# EUR-LEX Universal Parser

In [23]:
from bs4 import BeautifulSoup
from pathlib import Path
from typing import List, Dict

import re

### Opening and access the HTML data

In [20]:
# For opening the raw HTML file we declare the path here as a class.
html_file = Path("../data/regulations/32017R0745/EN/raw/raw.html")

# Then we read the content of the file into a variable.
raw_html = html_file.read_text(encoding="utf-8")

# We parse the raw HTML content using BeautifulSoup to create a navigable tree structure.
soup = BeautifulSoup(raw_html, "lxml")

Up to now we have just used the `Path` class from the library `Pathlib` to create a path object, which then we used to open the `raw_html` through the `read_text()` method. Then the `soup` variable was created which contains a navigable tree structure thanks to html tagged structure.
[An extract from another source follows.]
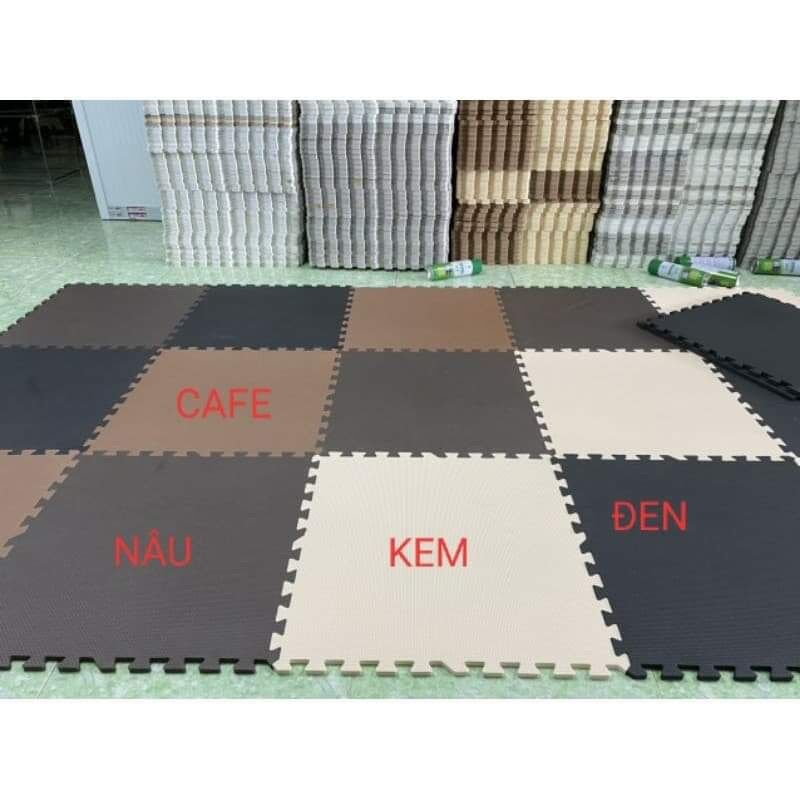 thảm xốp màu nâu và kem 60×60×1cm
Printing the `soup` variable will output the full html mess 

According to BeautifulSoup documentation, the method `find_all()` looks through a tag's descendants and retrieves all descendants that match all our filters. 

In [25]:
soup.find_all("h1")

[]

In [None]:
def parse_eu_ai_act_html(html_content: str, celex: str = "32024R1689") -> Dict:
    soup = BeautifulSoup(html_content, "lxml")

    provisions = []
    relations = []
    id_to_node = {}          # for building parent_id quickly

    # 1. Find main content
    main = soup.find("div", id="docHtml") or soup.find("div", class_="eli-container")

    # 2. Recursive walker (depth-first, respects DOM nesting)
    def walk(element, parent_id=None, current_path=None):
        if not element or not element.get("id"):
            return

        node_id = element["id"]

        # Determine kind from ID prefix (official ELI)
        if re.match(r"rct_\d+", node_id):
            kind = "recital"
            number = node_id.split("_")[1]
            full_id = f"{celex}_rec_{number}"
            citation = f"Recital ({number})"

        elif re.match(r"cpt_[IVX]+", node_id):
            kind = "chapter"
            number = node_id.split("_")[1]
            full_id = f"{celex}_cpt_{number}"
            citation = f"Chapter {number}"

        elif re.search(r"\.sct_\d+", node_id):
            kind = "section"
            # extract section number
            number = re.search(r"sct_(\d+)", node_id).group(1)
            full_id = f"{celex}_sct_{number}"
            citation = f"Section {number}"

        elif re.match(r"art_\d+", node_id):
            kind = "article"
            number = node_id.split("_")[1]
            full_id = f"{celex}_art_{number}"
            citation = f"Article {number}"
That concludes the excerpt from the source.